Study of Millions Reveals Genetic Links to Smoking and Alcohol

A A study of more than 3.4 million people has found nearly 4,000 genetic variants linked to alcohol and tobacco use, scientists reported Wednesday (December 7th) in Nature. More than 1,900 of the variants had not previously been linked to substance use behaviors, study co-author and statistical geneticist at Penn State College of Medicine Dajiang Liu says in a Press release. The new findings were aided by the fact that a fifth of the genomic samples came from individuals of non-European ancestry, Liu says.

“This is an excellent study. It demonstrates the power of using large samples from multiple ancestry groups in well-designed analyses,” said geneticist and neuroscientist Joel Gelernter of Yale University. new scientist.

Although scientists have conducted similar genome-wide association studies (GWAS) in the past, Liu says new scientist that the majority of these surveys were conducted primarily among people of European descent. Although social situations and policies can influence a person’s inclination to smoke and drink, there is substantial evidence that a person’s genetic makeup can also predispose them to alcohol and tobacco use. “We are at a stage where genetic discoveries are being translated into clinical [applications]“says Liu Nature. “If we can foresee someones risk of developing a nicotine or alcohol addiction using this information, we can intervene early and potentially prevent many deaths.

See “Overlapping genes for alcohol use disorder and Alzheimer’s risk: study

Liu has collaborated with more than a hundred other scientists to assess the millions of genomic datasets, using machine learning techniques to link genetic variants to factors related to smoking and alcohol consumption. These factors ranged from the age a person started the habit to the number of cigarettes or drinks they drank per day or week or the likelihood of them quitting the habit. Analyzes revealed nearly 2,500 genetic variants linked to regular smoking, as well as 243 additional variants linked to the number of cigarettes a person smokes per day, 206 linked to whether a person quit smoking and 39 linked to age at which a person started smoking. habit. Meanwhile, 849 variants were associated with how much alcohol a person drank per week. In total, almost 4,000 variants associated with alcohol and tobacco consumption have been identified, some of which have been found in genes associated with the secretion and regulation of the hormone dopamine, new scientist reports.
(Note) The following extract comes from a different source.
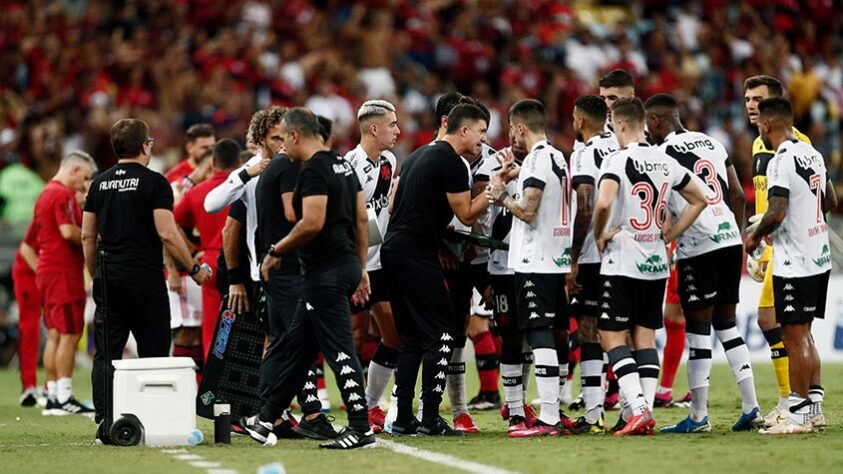 O Vasco perdeu para o Flamengo, por 3 a 2, na primeira partida da semifinal do Campeonato Carioca. Os gols do Cruz-Maltino foram marcados por Gabriel Pec e Alex Teixeira. Num clássico marcado por falhas individuais, o zagueiro Manuel Capasso cometeu uma falha grave e, consequentemente, o Rubro-Negro virou a partida. Com isso, o jogador recebeu a pior nota.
Curiously, 721 of the total variants were found only as a result of multi-ancestry testing, Nature reports. Liu tells the publication that most of these variants had similar effects across all ancestries, although risk scores generated only for those of European ancestry were not good predictors of risk for other ancestry groups. .

“It’s promising to see that the same genes are associated with addictive behaviors across ancestors,” Liu said in the press release. “Having more robust and diverse data will help us develop predictive tools for risk factors that can be applied to all populations.

Although this is the largest genetic study of tobacco and alcohol use to date, experts say there is still room for improvement. Ananyo Choudhury, a geneticist at the University of the Witwatersrand in Johannesburg, South Africa, says Nature that the similar effects seen across ancestry could be the result of most study subjects living in the United States. Other experts add that incorporating more international population analyzes would improve study results, the publication reports. Liu agrees. “In future phases of the study, we will welcome collaborations from other researchers who have access to additional data sets to further expand our studies,” he told the magazine.